Era uma vez um cão e o seu dono. E o cão falava como as pessoas mas também sabia ladrar. Melhor dizendo, ele só falava quando não havia ninguém por perto pois era inteligente e sabia que isso lhe ia causar sérios problemas.
Um certo dia bateu à porta a vizinha do rés -do - chão muito indignada:
- Ouça lá! - dizia ela para o dono do cão. O senhor não sabe que é proibido estender roupa, a pingar, na corda? Quer dar-se ao trabalho de ver como ficaram os tapetes que tenho a arejar no quintal?

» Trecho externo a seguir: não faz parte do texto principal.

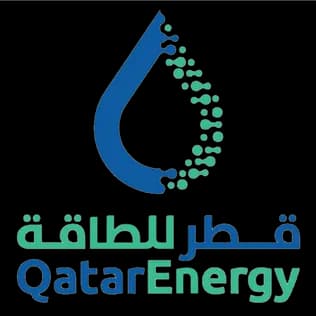 QatarEnergy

O dono do cão era uma pessoa tímida, com horror a estas questiúnculas entre vizinhos. Mas, mal ia abrir a boca para falar lá vinha a vizinha:
- O senhor não é uma pessoa educada. Se não sabe viver em condomínio vá viver para uma tenda, no meio do mato.
Mas, nem de propósito, o cão tinha ido à varanda nessa manhã pois andava entusiasmado com uma miúda de pelo cor de fogo. E sentiu que do 3º andar caíam gotas de água grossas e frequentes sobre a sua cabeça. Olhou para cima e lá estavam, todas alinhadas, dezenas de meias de lã..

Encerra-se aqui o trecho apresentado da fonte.